D'un autre côté, rejoindre une entreprise à un stade nettement plus avancé, lorsque ses revenus atteignent peut-être 75 à 100 millions de dollars, peut également être avantageux : Cette société est susceptible d'obtenir des tours de financement correspondant à des multiples plus réalistes sur le marché public, et vous pouvez être récompensé par des unités d'actions restreintes (RSU) au lieu d'options d'achat d'actions - plus courantes dans les sociétés publiques - ce qui peut vous aider à gérer le risque de baisse sans prix d'exercice de l'option en jeu. Avec les RSU, les actions sont simplement attribuées après la période d'acquisition, au lieu de devoir acheter les actions à un prix d'exercice prédéterminé comme c'est le cas avec les options sur actions.
À l'inverse, les entreprises à mi-parcours les plus en vue, qui n'ont pas beaucoup de revenus mais qui lèvent des fonds à des niveaux les valorisant à 100 fois leurs revenus futurs, peuvent sembler être un refuge sûr, mais elles peuvent finir par être un mirage.
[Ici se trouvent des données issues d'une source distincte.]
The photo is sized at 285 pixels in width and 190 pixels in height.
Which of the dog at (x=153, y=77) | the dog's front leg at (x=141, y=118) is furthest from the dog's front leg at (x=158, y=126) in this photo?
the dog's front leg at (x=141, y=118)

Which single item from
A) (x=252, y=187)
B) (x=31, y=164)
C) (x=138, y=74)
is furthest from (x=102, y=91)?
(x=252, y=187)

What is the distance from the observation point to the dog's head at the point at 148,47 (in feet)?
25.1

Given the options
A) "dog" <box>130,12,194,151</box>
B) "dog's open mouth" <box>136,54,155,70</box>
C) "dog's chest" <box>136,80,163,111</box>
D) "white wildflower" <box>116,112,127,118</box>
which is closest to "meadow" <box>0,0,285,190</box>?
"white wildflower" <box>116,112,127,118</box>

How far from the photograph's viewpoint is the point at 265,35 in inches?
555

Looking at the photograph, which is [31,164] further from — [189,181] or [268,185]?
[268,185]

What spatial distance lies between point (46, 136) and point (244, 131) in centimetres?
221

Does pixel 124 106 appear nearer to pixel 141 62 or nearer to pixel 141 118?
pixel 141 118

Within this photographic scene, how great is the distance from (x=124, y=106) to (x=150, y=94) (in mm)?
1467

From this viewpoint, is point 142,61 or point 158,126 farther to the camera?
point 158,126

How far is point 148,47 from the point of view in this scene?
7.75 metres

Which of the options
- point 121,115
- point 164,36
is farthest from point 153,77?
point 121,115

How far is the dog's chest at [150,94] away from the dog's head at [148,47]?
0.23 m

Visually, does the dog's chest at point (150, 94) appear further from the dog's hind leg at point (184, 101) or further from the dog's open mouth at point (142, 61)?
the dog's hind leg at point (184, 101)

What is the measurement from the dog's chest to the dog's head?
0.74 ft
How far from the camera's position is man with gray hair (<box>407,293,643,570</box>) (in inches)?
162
Bien sûr, certaines de ces entreprises s'exécuteront parfaitement et généreront des résultats respectables pour leurs employés de base. Mais si vous travaillez dans l'une de ces entreprises, vous devez faire attention à la dilution et à l'achat d'options à prix élevé au début du cycle, jusqu'à ce que la voie vers une introduction en bourse ou une sortie stratégique soit plus claire.
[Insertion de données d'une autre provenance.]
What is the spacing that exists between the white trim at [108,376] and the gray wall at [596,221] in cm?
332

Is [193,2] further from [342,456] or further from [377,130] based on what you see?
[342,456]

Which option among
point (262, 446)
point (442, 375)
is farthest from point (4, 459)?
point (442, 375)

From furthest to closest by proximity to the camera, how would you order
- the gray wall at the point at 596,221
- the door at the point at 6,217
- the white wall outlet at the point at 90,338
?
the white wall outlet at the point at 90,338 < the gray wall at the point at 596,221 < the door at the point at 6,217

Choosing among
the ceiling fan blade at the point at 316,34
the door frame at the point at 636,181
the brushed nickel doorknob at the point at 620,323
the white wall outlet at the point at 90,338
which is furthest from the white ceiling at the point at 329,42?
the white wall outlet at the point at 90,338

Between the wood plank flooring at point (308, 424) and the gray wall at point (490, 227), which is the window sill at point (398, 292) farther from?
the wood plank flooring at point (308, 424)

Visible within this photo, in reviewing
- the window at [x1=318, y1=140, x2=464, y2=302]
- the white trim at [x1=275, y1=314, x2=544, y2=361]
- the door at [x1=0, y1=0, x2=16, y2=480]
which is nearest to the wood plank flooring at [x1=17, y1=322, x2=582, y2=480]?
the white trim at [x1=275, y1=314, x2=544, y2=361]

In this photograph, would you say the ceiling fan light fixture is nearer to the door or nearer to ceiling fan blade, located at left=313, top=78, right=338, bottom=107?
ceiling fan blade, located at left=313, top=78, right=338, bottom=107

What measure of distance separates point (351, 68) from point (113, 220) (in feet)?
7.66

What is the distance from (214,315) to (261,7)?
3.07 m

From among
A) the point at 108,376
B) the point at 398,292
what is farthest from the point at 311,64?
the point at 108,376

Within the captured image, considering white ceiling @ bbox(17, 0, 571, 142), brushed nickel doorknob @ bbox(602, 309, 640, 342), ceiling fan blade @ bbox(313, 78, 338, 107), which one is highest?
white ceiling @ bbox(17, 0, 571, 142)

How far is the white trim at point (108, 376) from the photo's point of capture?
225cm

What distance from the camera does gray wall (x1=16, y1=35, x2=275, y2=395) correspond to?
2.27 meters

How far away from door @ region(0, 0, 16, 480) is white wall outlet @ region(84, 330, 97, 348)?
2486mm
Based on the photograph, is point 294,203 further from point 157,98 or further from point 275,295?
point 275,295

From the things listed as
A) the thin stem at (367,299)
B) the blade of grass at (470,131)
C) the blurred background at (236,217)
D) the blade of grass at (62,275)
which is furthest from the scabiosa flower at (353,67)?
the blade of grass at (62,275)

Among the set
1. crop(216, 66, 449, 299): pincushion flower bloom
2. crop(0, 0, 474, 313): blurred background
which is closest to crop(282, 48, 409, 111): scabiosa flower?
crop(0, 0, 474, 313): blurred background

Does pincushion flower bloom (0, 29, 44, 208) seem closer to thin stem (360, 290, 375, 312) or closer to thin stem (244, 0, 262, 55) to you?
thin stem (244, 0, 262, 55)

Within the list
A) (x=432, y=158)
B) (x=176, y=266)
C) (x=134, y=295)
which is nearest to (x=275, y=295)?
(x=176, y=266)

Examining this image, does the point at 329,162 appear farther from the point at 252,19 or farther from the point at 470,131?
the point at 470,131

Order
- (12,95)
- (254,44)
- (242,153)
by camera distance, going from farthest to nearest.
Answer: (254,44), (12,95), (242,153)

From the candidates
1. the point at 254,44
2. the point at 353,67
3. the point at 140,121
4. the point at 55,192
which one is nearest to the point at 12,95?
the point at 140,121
Enfin, mon conseil aux fondateurs et aux PDG sur ce marché est d'être gourmand à long terme. Bien sûr, cela fait du bien de lever des fonds à des valeurs de licorne au début du cycle de vie de votre entreprise, tout comme cela fait du bien de voir la valeur de votre maison doubler sur Zillow pendant Covid. Mais cette valeur ne compte que lorsque vous sortez ! Ne confondez pas la capacité à collecter des fonds avec la capacité à les dépenser. En étant un excellent gestionnaire de votre capital et en l'utilisant judicieusement pour vous développer, acquérir des entreprises et créer un avantage concurrentiel sur votre marché spécifique, vous pouvez créer de la valeur et de la loyauté dans votre base d'employés - et, en fin de compte, récompenser toutes les parties prenantes impliquées.
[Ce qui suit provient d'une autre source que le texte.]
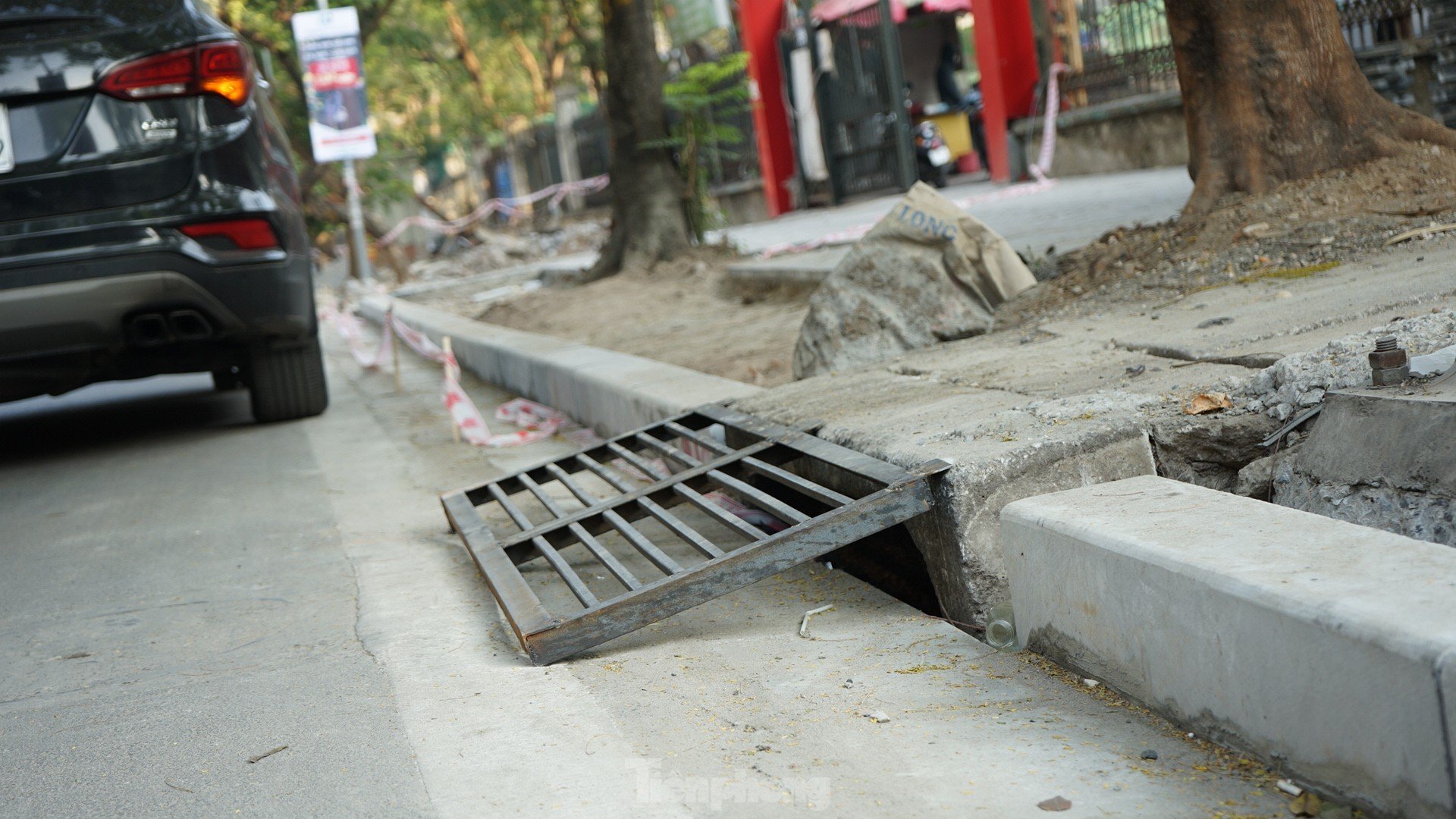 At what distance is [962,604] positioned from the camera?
284cm

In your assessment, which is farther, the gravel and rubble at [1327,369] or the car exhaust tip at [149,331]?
the car exhaust tip at [149,331]

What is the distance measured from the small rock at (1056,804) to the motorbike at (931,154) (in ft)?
47.7

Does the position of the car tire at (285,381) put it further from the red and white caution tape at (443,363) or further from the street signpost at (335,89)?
the street signpost at (335,89)

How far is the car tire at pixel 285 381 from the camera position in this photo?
6.23 metres

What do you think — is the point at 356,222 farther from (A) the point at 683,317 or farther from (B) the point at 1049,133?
(A) the point at 683,317

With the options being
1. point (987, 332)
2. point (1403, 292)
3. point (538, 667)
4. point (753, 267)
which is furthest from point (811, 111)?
point (538, 667)

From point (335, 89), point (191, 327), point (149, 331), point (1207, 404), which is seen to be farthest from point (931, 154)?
point (1207, 404)

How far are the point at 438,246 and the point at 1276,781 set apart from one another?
26.0 meters

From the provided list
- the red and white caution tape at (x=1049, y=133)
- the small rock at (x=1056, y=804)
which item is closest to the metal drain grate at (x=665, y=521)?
the small rock at (x=1056, y=804)

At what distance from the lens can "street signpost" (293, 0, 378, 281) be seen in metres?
17.6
Rien qu'au cours de la dernière décennie, nous avons vu des fondateurs emblématiques comme Elon Musk lever des méga-ronds importants au début du cycle de création de l'entreprise, mais dépenser ensuite ces fonds avec sagesse pour construire des franchises défendables qui ont soulevé des milliers d'employés sur le plan économique en cours de route. L'inverse est également vrai : WeWork a levé, et plus tard brûlé, des milliards auprès d'investisseurs grâce à une entreprise immobilière qui s'est fait passer pour une entreprise technologique, et qui a finalement détruit la valeur des actions pour de nombreux employés. Laissez vos actions et vos produits, vos revenus et vos avantages concurrentiels créer de la valeur pour vos employés - votre évaluation préventive de la licorne n'est pas un substitut !
Une version de cet article a été publiée à l'origine sur Forbes.